REQUIRED WORK: One part of the entries below is wanted: the lines from the one containing "Creepy Cute Weirdcore" through the one containing "Creative Certificate Of". Write those out exactly and nothing else.
------
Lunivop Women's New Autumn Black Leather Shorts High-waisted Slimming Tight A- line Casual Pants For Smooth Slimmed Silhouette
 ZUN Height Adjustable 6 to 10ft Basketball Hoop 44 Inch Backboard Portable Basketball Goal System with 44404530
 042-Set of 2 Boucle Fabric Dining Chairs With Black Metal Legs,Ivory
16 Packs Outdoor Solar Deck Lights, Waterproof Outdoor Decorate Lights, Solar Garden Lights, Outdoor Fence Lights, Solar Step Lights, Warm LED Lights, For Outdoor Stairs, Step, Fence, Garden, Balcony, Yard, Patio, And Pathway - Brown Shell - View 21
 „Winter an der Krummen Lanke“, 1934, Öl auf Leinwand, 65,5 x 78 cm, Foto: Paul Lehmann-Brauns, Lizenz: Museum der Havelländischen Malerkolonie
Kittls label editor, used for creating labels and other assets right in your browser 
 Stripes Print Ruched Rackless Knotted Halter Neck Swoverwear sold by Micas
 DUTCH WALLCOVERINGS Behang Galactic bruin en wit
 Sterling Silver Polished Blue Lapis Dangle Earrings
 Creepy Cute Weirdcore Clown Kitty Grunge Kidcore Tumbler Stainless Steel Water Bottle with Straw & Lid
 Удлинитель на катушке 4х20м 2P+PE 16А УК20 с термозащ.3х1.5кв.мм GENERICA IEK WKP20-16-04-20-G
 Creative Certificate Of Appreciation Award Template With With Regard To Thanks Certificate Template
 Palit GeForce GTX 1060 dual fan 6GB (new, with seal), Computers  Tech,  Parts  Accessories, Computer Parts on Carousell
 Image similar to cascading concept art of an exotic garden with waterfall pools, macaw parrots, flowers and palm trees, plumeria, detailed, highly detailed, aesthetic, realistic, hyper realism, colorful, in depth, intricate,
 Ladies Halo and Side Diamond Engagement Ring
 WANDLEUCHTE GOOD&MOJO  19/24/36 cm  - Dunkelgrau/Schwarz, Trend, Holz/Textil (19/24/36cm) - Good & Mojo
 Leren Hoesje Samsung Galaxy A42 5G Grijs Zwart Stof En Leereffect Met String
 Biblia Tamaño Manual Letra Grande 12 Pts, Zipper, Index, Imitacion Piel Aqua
------
OUTPUT BELOW:
 Creepy Cute Weirdcore Clown Kitty Grunge Kidcore Tumbler Stainless Steel Water Bottle with Straw & Lid
 Удлинитель на катушке 4х20м 2P+PE 16А УК20 с термозащ.3х1.5кв.мм GENERICA IEK WKP20-16-04-20-G
 Creative Certificate Of Appreciation Award Template With With Regard To Thanks Certificate Template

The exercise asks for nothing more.